Asserting that other courts of appeals have misread one of its precedents, the Eleventh Circuit has insisted that its law differs from that of other circuits on the question whether the pendency of a failed class action tolls the statute of limitations for a class member who attempts to file another class action. In yesterday's decision in Ewing Industries Corp. v. Bob Wines Nursery, Inc., the court of appeals held that when an attempt to bring a case as a class action fails for any reason, the action tolls the statute of limitations for class members only if they seek to file or join in an individual action; they can't "piggy-back" a class action onto a previous class action.
Other circuits have in previous cases distinguished Eleventh Circuit precedent, holding that it doesn't deny tolling when the first class action failed to achieve certification because of the inadequacy of the class representative or some other reason that is not based on the unsuitability of the claims themselves for class treatment. Those courts (including the Third, Sixth, Seventh and Ninth CIrcuits) have held that the so-called American Pipe tolling rule allows a follow-on class to benefit from the tolling effect of an earlier putative class action when the defect in the first action was something other than that the class was inherently uncertifiable.
In yesterday's decision, the Eleventh Circuit said it "disagree[d] with the courts that have distinguished [its precedent] from facts similar to those in this case." The result was that the court considered itself bound by precedent to hold that a Telephone Consumer Protection Act (TCPA) class action was time-barred even though a previous attempted class action had been timely and the only reason it could not proceed as a class action was that it turned out the proposed class representative had not received the unlawful fax that the class was complaining about. The new class representative had no such problem, but under the Eleventh Circuit's ruling that plaintiff could benefit from tolling of the statute only for its individual claim, not those of the class as a whole.

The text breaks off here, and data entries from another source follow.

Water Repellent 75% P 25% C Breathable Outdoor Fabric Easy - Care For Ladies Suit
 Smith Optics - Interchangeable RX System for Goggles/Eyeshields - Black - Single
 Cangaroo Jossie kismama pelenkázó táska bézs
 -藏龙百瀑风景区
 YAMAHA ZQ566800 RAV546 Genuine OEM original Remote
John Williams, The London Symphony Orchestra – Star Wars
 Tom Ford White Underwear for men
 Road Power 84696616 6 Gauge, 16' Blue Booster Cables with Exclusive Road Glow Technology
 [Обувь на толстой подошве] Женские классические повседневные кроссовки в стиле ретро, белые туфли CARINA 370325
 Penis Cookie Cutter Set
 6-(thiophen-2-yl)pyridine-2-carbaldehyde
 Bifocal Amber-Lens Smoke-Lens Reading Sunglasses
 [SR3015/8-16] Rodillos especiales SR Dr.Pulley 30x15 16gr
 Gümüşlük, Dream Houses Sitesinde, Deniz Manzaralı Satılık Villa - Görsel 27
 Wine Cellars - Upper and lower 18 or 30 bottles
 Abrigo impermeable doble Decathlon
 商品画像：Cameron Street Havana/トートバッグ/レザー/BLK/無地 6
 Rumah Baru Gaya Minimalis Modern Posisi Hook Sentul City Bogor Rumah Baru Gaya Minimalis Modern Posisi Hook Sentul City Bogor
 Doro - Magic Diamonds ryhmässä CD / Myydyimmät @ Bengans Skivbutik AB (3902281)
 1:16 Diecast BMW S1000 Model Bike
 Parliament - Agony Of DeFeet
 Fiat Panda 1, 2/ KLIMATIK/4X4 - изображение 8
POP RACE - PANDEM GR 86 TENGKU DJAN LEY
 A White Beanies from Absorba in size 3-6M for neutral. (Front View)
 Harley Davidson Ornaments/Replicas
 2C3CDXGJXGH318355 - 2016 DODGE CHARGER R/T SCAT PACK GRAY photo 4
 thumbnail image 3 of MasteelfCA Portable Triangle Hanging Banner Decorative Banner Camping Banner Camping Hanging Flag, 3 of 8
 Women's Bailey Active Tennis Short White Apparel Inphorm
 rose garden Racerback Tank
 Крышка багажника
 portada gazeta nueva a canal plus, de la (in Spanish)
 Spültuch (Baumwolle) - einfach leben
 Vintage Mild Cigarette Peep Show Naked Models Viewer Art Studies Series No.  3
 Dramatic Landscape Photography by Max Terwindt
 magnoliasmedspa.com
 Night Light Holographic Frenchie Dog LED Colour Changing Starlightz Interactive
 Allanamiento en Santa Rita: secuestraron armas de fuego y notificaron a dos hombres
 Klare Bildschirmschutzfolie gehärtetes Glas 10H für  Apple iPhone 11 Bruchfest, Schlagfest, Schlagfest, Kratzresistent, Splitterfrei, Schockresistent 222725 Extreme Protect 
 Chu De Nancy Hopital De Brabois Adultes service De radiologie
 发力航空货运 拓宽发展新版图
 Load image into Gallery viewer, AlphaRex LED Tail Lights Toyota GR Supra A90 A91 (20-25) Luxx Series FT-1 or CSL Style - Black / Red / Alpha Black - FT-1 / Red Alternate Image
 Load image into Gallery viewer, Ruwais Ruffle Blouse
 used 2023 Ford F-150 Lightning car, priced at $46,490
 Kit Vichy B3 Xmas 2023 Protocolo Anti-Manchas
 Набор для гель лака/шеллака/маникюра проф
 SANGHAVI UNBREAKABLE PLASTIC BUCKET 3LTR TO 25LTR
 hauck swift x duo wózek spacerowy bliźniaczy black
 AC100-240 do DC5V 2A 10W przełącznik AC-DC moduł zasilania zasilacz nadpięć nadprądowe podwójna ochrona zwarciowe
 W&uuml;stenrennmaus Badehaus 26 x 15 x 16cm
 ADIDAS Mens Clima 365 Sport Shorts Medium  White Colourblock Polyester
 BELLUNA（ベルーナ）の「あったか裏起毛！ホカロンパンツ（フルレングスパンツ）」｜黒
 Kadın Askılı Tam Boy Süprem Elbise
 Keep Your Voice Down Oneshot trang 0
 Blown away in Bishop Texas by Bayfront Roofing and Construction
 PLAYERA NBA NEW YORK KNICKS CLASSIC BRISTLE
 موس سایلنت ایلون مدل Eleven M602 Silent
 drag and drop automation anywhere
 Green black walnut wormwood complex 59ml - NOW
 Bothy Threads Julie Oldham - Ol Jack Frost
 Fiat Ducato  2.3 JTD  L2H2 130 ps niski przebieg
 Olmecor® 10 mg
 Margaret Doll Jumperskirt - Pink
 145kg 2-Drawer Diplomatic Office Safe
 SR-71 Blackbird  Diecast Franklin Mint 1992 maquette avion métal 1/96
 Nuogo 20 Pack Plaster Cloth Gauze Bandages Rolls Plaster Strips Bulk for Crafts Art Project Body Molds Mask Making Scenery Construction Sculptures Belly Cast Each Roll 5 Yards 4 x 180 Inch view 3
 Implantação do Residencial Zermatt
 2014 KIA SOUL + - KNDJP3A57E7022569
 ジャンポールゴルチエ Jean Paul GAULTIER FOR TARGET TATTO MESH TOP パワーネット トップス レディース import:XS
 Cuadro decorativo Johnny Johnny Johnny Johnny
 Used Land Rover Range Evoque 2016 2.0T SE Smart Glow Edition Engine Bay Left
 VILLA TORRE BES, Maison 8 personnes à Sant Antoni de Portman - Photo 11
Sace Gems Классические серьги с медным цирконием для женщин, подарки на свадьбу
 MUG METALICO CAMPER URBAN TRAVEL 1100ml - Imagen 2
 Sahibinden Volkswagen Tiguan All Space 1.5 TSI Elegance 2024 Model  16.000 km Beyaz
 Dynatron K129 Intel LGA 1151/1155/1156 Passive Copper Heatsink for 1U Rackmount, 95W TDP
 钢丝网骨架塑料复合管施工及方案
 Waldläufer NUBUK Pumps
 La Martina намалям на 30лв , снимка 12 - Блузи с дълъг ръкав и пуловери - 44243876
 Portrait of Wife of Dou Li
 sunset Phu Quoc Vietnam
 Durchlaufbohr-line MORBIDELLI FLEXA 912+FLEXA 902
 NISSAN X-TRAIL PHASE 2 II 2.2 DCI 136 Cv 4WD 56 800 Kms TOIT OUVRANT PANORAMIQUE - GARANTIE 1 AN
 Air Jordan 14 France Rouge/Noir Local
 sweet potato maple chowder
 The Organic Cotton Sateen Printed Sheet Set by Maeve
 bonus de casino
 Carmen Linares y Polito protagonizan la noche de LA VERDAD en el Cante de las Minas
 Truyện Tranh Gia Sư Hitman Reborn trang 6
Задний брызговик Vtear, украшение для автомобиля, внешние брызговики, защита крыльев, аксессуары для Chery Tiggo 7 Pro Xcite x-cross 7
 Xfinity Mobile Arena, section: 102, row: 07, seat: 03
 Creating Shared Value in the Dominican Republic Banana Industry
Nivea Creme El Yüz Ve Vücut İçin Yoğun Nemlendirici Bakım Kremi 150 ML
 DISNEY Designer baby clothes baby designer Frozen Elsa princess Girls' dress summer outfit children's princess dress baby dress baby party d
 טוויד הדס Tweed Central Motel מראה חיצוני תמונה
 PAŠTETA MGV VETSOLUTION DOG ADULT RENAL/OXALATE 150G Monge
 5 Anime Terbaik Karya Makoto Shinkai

A few years back, Judge Easterbrook of the Seventh Circuit stated in a case called Sawyer v. Atlas Heating & Sheet Metal Works, Inc., 642 F.3d 560 (7th Cir. 2011), that "there is no conflict" on this issue. According to Easterbrook, results holding that a second action can't proceed in such circumstances aren't really driven by tolling principles, but by preclusion: If the reason a court held that a case couldn't proceed as a class action was that the class's claims were unsuitable for certification, then that decision, he thought, bound the whole class. But if the reason was the unsuitability of a particular class representative, then the class shouldn't be barred from fixing the problem and benefiting from the tolling effect of the first action.
Turns out Judge Easterbrook's reasoning was wrong, as the Supreme Court held only two weeks later that denials of class certification have no preclusive effect on other class members. Smith v. Bayer Corp., 131 S. Ct. 2368 (2011). So preclusion can't provide a basis for distinguishing follow-on classes that get the benefit of American Pipe tolling from those that don't.
But that doesn't mean the Eleventh Circuit is right, either. The Eleventh Circuit's holding is that even though individual class members are not barred from bringing individual actions (because their individual claims benefit from the tolling effect of the failed class action), they can't join their claims as a class for policy reasons (avoiding "piggy-backing"). That reasoning runs afoul of another Supreme Court decision, Shady Grove Orthopedic Associates v. Allstate Insurance Co., 559 U.S. 393 (2010), which holds that individuals who have viable claims are entitled to assert them as a class under Rule 23 if the Rule's criteria are satisfied. If a class member would have a claim in an individual action, there is no legitimate basis for saying he can't have it in an otherwise proper class action.
In short, the right answer isn't that American Pipe tolling never applies in a subsequent class action, or even that it sometimes applies, but that it always does. Now, when will a court realize that?